- Opening Delimiter -

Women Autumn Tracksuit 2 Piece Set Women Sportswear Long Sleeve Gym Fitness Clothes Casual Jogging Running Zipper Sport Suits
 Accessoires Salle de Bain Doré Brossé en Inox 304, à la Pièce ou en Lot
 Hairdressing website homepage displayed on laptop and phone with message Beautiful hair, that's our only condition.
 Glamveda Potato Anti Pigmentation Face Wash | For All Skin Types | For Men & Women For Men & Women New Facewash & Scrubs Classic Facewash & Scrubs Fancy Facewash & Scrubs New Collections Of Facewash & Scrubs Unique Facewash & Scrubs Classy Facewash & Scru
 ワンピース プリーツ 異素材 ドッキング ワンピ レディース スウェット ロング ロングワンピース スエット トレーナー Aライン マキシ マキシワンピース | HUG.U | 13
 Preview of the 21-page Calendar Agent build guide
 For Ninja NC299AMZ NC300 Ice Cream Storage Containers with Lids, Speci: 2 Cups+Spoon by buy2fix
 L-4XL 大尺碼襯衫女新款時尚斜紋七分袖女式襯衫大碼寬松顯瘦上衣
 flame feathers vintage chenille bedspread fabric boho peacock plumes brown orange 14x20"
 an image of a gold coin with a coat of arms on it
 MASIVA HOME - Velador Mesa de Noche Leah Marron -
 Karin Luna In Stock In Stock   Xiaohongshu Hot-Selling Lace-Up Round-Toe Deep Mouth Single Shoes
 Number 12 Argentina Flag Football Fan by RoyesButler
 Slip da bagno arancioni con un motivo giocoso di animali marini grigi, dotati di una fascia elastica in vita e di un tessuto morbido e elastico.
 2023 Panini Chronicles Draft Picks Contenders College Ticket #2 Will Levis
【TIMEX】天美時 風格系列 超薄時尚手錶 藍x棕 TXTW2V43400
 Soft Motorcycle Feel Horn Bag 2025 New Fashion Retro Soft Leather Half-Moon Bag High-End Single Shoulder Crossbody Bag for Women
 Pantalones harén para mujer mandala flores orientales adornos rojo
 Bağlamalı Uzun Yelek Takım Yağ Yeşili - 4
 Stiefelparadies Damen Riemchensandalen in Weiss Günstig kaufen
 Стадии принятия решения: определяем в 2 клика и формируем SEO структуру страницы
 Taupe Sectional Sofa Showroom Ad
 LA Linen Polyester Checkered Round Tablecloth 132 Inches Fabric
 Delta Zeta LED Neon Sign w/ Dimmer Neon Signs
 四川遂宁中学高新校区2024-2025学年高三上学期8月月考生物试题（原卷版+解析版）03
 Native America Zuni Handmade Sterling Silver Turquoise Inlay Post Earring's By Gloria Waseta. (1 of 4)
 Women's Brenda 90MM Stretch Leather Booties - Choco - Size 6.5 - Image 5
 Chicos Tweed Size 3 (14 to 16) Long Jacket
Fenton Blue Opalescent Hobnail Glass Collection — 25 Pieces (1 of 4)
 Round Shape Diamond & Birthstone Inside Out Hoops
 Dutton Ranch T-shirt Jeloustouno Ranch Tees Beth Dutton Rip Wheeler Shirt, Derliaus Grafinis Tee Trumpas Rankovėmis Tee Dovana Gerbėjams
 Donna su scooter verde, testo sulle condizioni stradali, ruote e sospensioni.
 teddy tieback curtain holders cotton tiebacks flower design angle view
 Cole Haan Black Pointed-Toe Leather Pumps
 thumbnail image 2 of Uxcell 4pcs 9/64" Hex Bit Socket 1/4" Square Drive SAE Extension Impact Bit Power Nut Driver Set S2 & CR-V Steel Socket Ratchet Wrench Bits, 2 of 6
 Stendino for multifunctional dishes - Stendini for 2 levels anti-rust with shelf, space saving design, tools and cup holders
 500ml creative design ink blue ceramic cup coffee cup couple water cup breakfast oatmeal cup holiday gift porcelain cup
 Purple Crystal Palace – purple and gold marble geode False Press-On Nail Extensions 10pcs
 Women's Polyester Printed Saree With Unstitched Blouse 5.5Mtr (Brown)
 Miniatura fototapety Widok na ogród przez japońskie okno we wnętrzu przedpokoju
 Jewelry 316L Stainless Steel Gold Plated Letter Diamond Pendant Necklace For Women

- Closing Delimiter -

**Task to complete**
Please copy the lines in the records above between the one holding "Preview of the" and the one holding "Native America Zuni", inclusive, exactly and with no other line.

**Response to this task**
 Preview of the 21-page Calendar Agent build guide
 For Ninja NC299AMZ NC300 Ice Cream Storage Containers with Lids, Speci: 2 Cups+Spoon by buy2fix
 L-4XL 大尺碼襯衫女新款時尚斜紋七分袖女式襯衫大碼寬松顯瘦上衣
 flame feathers vintage chenille bedspread fabric boho peacock plumes brown orange 14x20"
 an image of a gold coin with a coat of arms on it
 MASIVA HOME - Velador Mesa de Noche Leah Marron -
 Karin Luna In Stock In Stock   Xiaohongshu Hot-Selling Lace-Up Round-Toe Deep Mouth Single Shoes
 Number 12 Argentina Flag Football Fan by RoyesButler
 Slip da bagno arancioni con un motivo giocoso di animali marini grigi, dotati di una fascia elastica in vita e di un tessuto morbido e elastico.
 2023 Panini Chronicles Draft Picks Contenders College Ticket #2 Will Levis
【TIMEX】天美時 風格系列 超薄時尚手錶 藍x棕 TXTW2V43400
 Soft Motorcycle Feel Horn Bag 2025 New Fashion Retro Soft Leather Half-Moon Bag High-End Single Shoulder Crossbody Bag for Women
 Pantalones harén para mujer mandala flores orientales adornos rojo
 Bağlamalı Uzun Yelek Takım Yağ Yeşili - 4
 Stiefelparadies Damen Riemchensandalen in Weiss Günstig kaufen
 Стадии принятия решения: определяем в 2 клика и формируем SEO структуру страницы
 Taupe Sectional Sofa Showroom Ad
 LA Linen Polyester Checkered Round Tablecloth 132 Inches Fabric
 Delta Zeta LED Neon Sign w/ Dimmer Neon Signs
 四川遂宁中学高新校区2024-2025学年高三上学期8月月考生物试题（原卷版+解析版）03
 Native America Zuni Handmade Sterling Silver Turquoise Inlay Post Earring's By Gloria Waseta. (1 of 4)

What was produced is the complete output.